### Required work
Please write out the final portion of the records below exactly: the line containing "Immunohistochemistry of paraffin-embedded", every line after it, and nothing else.

▬▬▬

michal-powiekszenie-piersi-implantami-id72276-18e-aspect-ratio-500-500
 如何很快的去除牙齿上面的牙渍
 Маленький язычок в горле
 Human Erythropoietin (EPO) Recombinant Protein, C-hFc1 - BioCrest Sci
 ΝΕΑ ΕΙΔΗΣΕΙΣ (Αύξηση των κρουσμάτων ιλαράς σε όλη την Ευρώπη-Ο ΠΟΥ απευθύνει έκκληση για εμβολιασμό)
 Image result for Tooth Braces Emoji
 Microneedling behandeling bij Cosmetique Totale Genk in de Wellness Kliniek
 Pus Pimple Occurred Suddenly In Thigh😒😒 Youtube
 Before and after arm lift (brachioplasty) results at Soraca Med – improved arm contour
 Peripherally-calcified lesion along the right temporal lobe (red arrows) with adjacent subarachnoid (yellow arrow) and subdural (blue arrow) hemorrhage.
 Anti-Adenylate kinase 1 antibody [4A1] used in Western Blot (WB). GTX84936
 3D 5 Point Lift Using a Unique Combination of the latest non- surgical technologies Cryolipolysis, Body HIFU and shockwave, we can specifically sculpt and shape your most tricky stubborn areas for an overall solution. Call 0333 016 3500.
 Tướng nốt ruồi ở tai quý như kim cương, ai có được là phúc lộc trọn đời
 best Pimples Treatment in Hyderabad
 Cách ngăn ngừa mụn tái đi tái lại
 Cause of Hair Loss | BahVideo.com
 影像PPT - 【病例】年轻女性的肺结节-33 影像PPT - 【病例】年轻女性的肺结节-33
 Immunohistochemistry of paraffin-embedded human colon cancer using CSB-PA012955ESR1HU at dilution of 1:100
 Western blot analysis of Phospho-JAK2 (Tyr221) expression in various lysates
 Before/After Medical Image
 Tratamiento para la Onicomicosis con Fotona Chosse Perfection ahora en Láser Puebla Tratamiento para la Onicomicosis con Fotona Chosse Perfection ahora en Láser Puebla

▬▬▬

### Solution to the exercise
 Immunohistochemistry of paraffin-embedded human colon cancer using CSB-PA012955ESR1HU at dilution of 1:100
 Western blot analysis of Phospho-JAK2 (Tyr221) expression in various lysates
 Before/After Medical Image
 Tratamiento para la Onicomicosis con Fotona Chosse Perfection ahora en Láser Puebla Tratamiento para la Onicomicosis con Fotona Chosse Perfection ahora en Láser Puebla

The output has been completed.